Language Binding Tutorial Part 2: Advanced C++

In the previous part of this series, we have covered basics on how to properly design a native library so that we can create a middle layer to allow it to be interfaced in other languages. Of course, the solution provided in the previous lesson (and any future lessons from here on in) are not silver bullet solutions. We just covered (and will continue to do so) necessary points that allows us to write a clean interface.

We have also created a simple native library in C and have written a C++ interface for this. On this part of the lesson, we will covering advanced topics about C++. In particular, we will be going over callback system.

Callbacks in C

A common pattern in providing callbacks in C is to pass in the callback function to be invoked. Many APIs and libraries do this pattern. For example:

typedef int (*IntCallback)(int data);
void DoSomethingAsync(IntCallback callback);

Then a user will simply define a function that matches IntCallback’s signature.

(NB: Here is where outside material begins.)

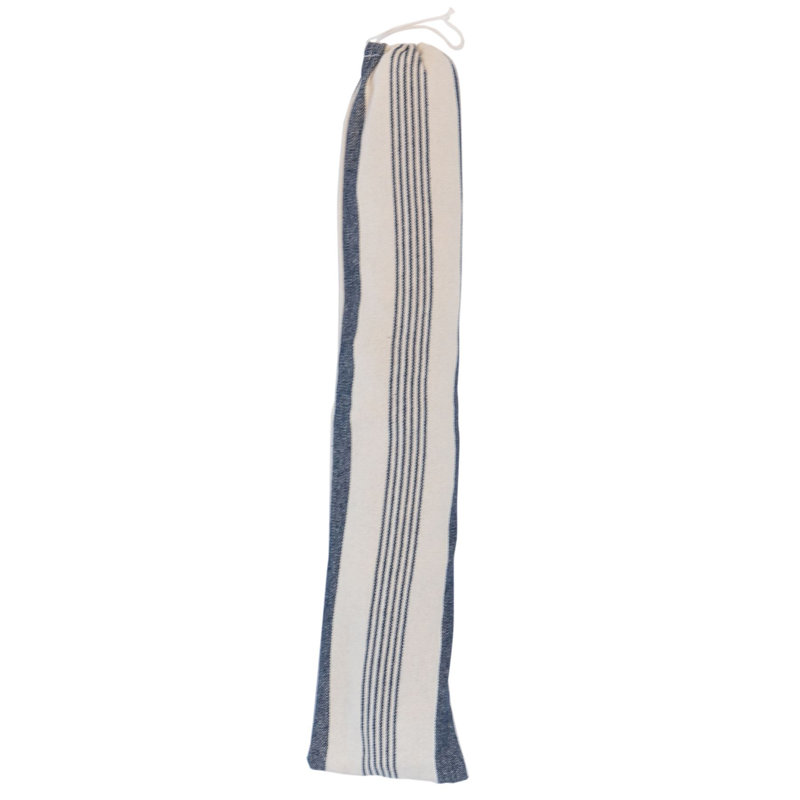 Harbour Housewares - Garden Hammock with Spreader Bars Stripe, Navy/Grey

int MyIntCallback(int data)
{
    return (data * data);
}
 
/* somewhere in the code... */
DoSomethingAsync(&MyIntCallback);

It is quite normal to provide such interface for your native library. C does not have as much features as C++, so we are limited (in a positive way) to use such patterns for callback mechanisms. The Windows API is an example of such pattern user. We didn’t cover this topic on the previous section because callback functions are simple enough. The next section will cover about C++ callbacks.

Callbacks in C++

Callbacks in C++ is not normally done like in C. In particular, C++ functions can be a free or a member function. Even if both a free function and a member function have the same signatures (e.g. same parameters and return types), they are of different function types. Static class functions are just free functions (their names are just mangled accordingly) so these are also of different type from a member function of the same signature. If you try the following code snippet, you will run into compiler error:

typedef int (*IntCallback)(int data);
class MyClass
{
    int someFunction(int data);
}
 
// somewhere...
MyClass cls;
DoSomethingAsync(&(cls.someFunction)); // error
DoSomethingAsync(&(MyClass::someFunction)); // error

One of the easiest solutions is to create a free function to act as your callback (just like in C). But in some cases, this does not look good if one wishes to have an object oriented pattern. One good way to demonstrate an object oriented pattern in callback system is to let users implement an abstract base class (or an interface in other languages). A typical scenario would be:

// Provided by API:
class CallbackClass
{
    virtual void callbackFunction(int data) = 0;
};
 
// Function that uses the callback class will be declared like:
void DoSomethingAsync(std::unique_ptr<CallbackClass> callback);

At the top of the hood, this seems simple to implement. If you are using PIMPL pattern to abstract C++ code with C++ interface (which may pass through a C API like our example), then the translation is not too hard to do. But in order to have such mechanism to work, the core C++ abstract class must know the type of external C++. Doing so, however, breaks encapsulation patterns and couples the API and the core implementation unnecessarily. Perhaps that is quite unclear, so before we go about the solution, let us go through a use case scenario.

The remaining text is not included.